Today, we’ll be looking at a group of spam and ham messages (not spam). We’ll gather the data into a single dataframe, and then separate that dataset into two sections- one to train a model, and another to test it.
The files were downloaded from here according to the project instructions found on blackboard and decompressed into my local computer. I’ll share the specific files I downloaded below, but you’ll need to unpack the files and update the local directories to make this rmarkdown work on your computer.
Let’s load the packages we’ll be using for this exercise:
Lets start by setting the local directories where we’ll find all the files:
# string paths in windows
ham_path <- 'C:/Downloads/docs/data607/spamham/easy_ham'
spam_path <- 'C:\\Downloads\\docs\\data607\\spamham\\spam'Let’s loop through all the files in each folder and add them to a dataframe:
hlist <- list.files(ham_path)
slist <- list.files(spam_path)
hams <- NA
spams <- NA
for (i in 1:length(hlist)) {
current_file <- str_c(ham_path, '/', hlist[i], sep = "")
read_file <- readLines(current_file)
one_line <- paste(read_file, collapse = '\n')
hams[i] <- one_line
}
for (i in 1:length(slist)) {
current_file <- str_c(spam_path, '/', slist[i], sep = "")
read_file <- readLines(current_file)
one_line <- paste(read_file, collapse = '\n')
spams[i] <- one_line
}
ham <- data.frame(fn = hlist,
text = unlist(hams),
type = 'ham',
stringsAsFactors = F)
spam <- data.frame(fn = slist,
text = unlist(spams),
type = 'spam',
stringsAsFactors = F)
# dataframe with filename, email text, and spam type
df_all <- bind_rows(ham, spam) %>%
mutate(type = as.factor(type))Here we’ll take the text from each email, clean it up, and then create a dataframe that contains all the data.
corpus <- Corpus(VectorSource(df_all$text))
corpus <- tm_map(corpus, tolower)
corpus <- tm_map(corpus, removePunctuation)
corpus <- tm_map(corpus, removeWords, stopwords())
corpus <- tm_map(corpus, stripWhitespace)
corpus <- tm_map(corpus, stemDocument)
dtm <- DocumentTermMatrix(corpus)
# Lets keep terms that occur in at least 1% of the emails
dtm_small <- removeSparseTerms(dtm, 0.99)
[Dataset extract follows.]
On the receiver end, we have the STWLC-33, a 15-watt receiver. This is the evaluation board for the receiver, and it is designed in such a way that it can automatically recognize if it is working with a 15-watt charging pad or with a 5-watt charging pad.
dm <- as.matrix(dtm_small)
dfc <- data.frame(dm)
# final dataframe with the first column as the email spam type
dfs <- bind_cols(select(df_all, spam_type = type), dfc)Here we’ll split the dataframe we created into a testing and training set. We’ll try to split the dataframe in half and check to see if there’s a reasonable distribution of both types.
set.seed(222)
ss <- floor(nrow(dfs) * 0.75)
si <- sample(seq_len(nrow(dfs)), ss)
train <- dfs[si,]
test <- dfs[-si,]
table(train$spam_type)##
## ham spam
## 1868 382
##
## ham spam
## 633 118
It looks like both the training set has a decent distribution of spam and ham emails.
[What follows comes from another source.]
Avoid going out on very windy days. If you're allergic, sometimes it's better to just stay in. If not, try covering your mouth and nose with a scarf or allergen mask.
We’ll use the random forest model to train a model and then make our predictions and see how well it fits.
# rfm <- randomForest(train[,2:ncol(train)], train$spam_type)
rfm <- randomForest(spam_type ~ ., data = train)
test$pred <- predict(rfm, newdata = test)
table(test$spam_type, test$pred)##
## ham spam
## ham 632 1
## spam 0 118
Wow, is that right? The model correctly predicted 99.87% or 750 / 751 emails. That seems too good to be true. I’m wondering if I made a mistake somewhere.